Thank you to the 1,400 leaders who’ve generously done the 7 questions!
I hope reading
helps you in your leadership.
Cheers,
Jonno White
7 Questions with Abhinandan Singh
7 Questions with Abhinandan Singh
Name: Abhinandan Singh
Current title: CEO & Founder
Current organisation: EntranceZone
Abhinandan is a successful Entrepreneur, Facilitator and an Education Technology Speaker. He has a genuine passion for mentoring and that’s what makes him a thorough and passionate Facilitator and he is Ex Google Certified Educator.
A very self-motivated individual who believes in optimum productivity and managing time to get the best possible results. In the last 5 years of his career, he has been involved in sales, recruitment and training within Education, and being an architect by education he proves himself a good project consultant...
1. What have you found most challenging as a leader of a small or medium enterprise?
A number of issues such as cash flow, succession planning, staff turnover and eroding margins often come down to the business owner like us spending too much time IN the business rather than working ON it.
2. How did you become a leader of an SME? Can you please briefly tell the story?
I worked with small and big enterprises from my college time. As an Officer on special Duty I served as an institutional change agent and champion for diversity and inclusion by providing broad, integrative leadership in collaboration with campus-wide constituencies. Been recommended to lead conversations, review and recommend policies and processes, and support the campus to include diversity at the highest level of institutional importance’s managed large marketing teams of universities.
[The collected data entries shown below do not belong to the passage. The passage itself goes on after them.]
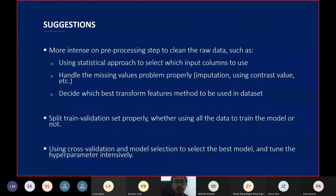Our suggestions for further research: first, more intensive preprocessing steps to clean raw data, such as using a statistical approach to select which input columns to use.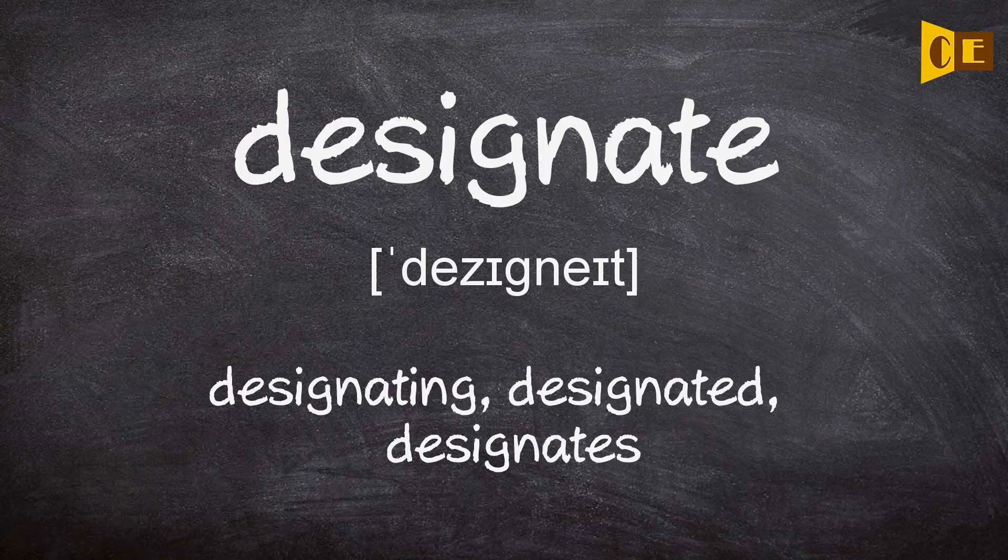Designate. Designating, designated, designates.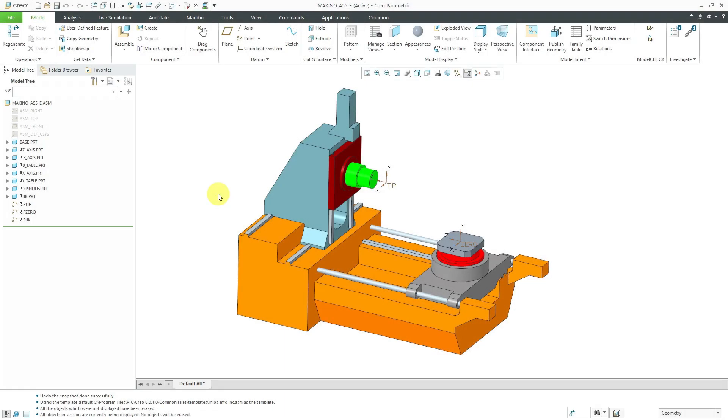Let's set up a milling work center for use in CNC manufacturing in Creo Parametric. I have an assembly model for a Makino A55E. What's interesting about this is that not only is it four axis, but it is a horizontal machine.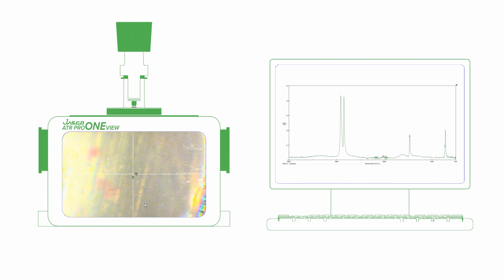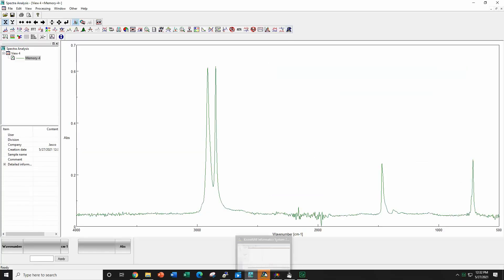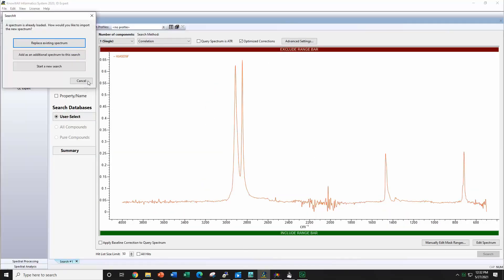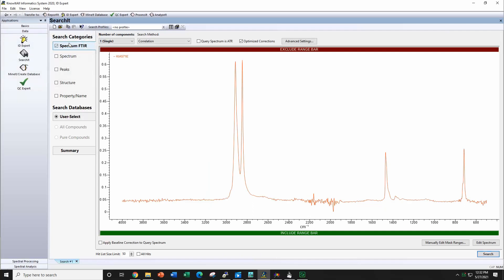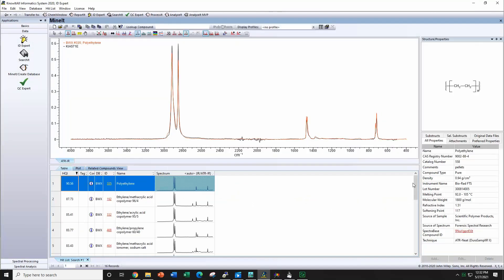This sample is quite large, so it can be measured using the ATR accessory. We can see how the sample is in contact with the crystal. It is searched in the FTIR database and it is confirmed that this sample is polyethylene.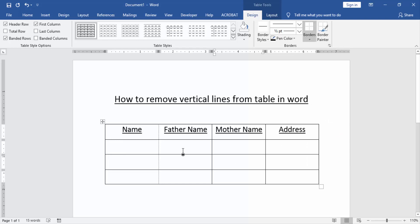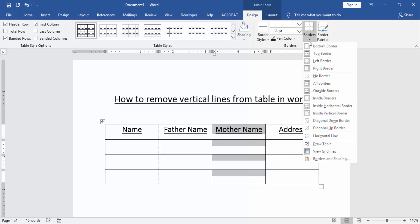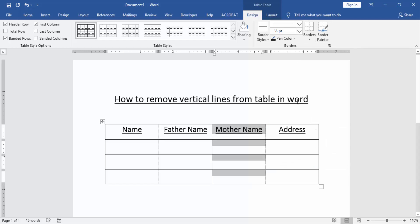Then we remove another line. Select the column and go to the borders option and again select right border. Now we can see we remove the vertical line.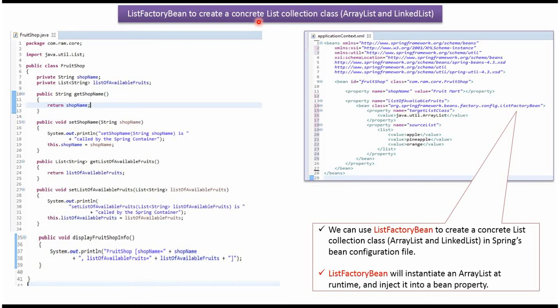This video tutorial I will cover how to create a concrete list collection class using listFactoryBean.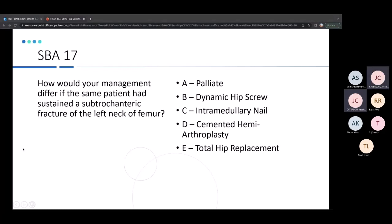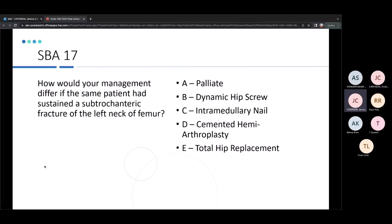If the same patient had a subtrochanteric fracture — an extracapsular fracture — the management changes to an intramedullary nail. A DHS would fix too high for a subtrochanteric fracture, which is located in the femoral shaft, so an IM nail is the appropriate choice.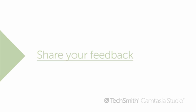That's all for now. Let us know what you thought of this tutorial by clicking the survey link here. Thanks for watching.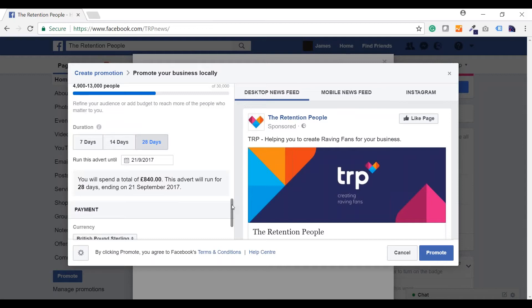Set the duration of your campaign and the currency you would like to use to pay for it, then press that big blue button to launch. The final and arguably most important stage is to regularly check the insights tab at the top of your company page to see how your ads are getting on, tweaking them to improve performance. This is definitely not a set it and forget it campaign. To get the most bang for your buck, you'll need to keep a close eye on things and react to what the data is telling you. Take your learnings and use them in the setup of your next campaign.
My previous organization's faith in me pushed me to start my own venture. I would like to advise my fellow SMEs that be smart, alive, active on social media platforms, utilize it in the right direction.
3. How do you structure your work days from waking up to going to sleep?
Eliminate Decision-Making Tasks In The Morning, this means the best way to have a productive morning is to get a head start on it the night before. I assign the work ticket to the head of the teams before they join the desk in the morning.
Planning the evening before is effective because we have a limited amount of willpower and decision-making ability every day.
I follow and check the work ticket at noon and evening. Sometimes I randomly check the work of individual employees.
4. What's the most recent significant leadership lesson you've learned?
Talk less, listen more.
People will pay attention to what you say, just because of your position. The leader’s job is to pay attention to what other people say, especially those who think their views don’t count.
Show you’re listening by acting on what people tell you, and gain their trust by giving them the credit.
5. What's one book that has had a profound impact on your leadership so far? Can you please briefly tell the story of how that book impacted your leadership?
THE BREAKTHROUGH BOOK - By Author Megha Bajaj set out on journey and visited different parts of the country and discovered eleven such individuals who were truly happy and successful in a country of 1.3 billion people
6. How do you build leadership capacity in an SME?
Get clarity on what is the best use of your time.
7. What is one meaningful story that comes to mind from your time as a leader of an SME so far?
Unlike an operation to catch rabbits, trapping an elephant calls for expertise over enthusiasm. Those who hunt rabbits are rarely able to rope in elephants.’ In The Elephant Catchers, Subroto Bagchi distils his years of on-the-ground learning to explore what organizations and their people must do to climb to the next level and beyond. Through a combination of engaging anecdotes from his experiences as co-founder, and subsequently Chairman, of Mindtree Ltd, as well as practical advice on growth-related issues such as dealing with consultants or navigating strategy traps and M&As, Bagchi demonstrates a crucial point: Organizations with real ambition to get to the top need to embrace the idea of scale.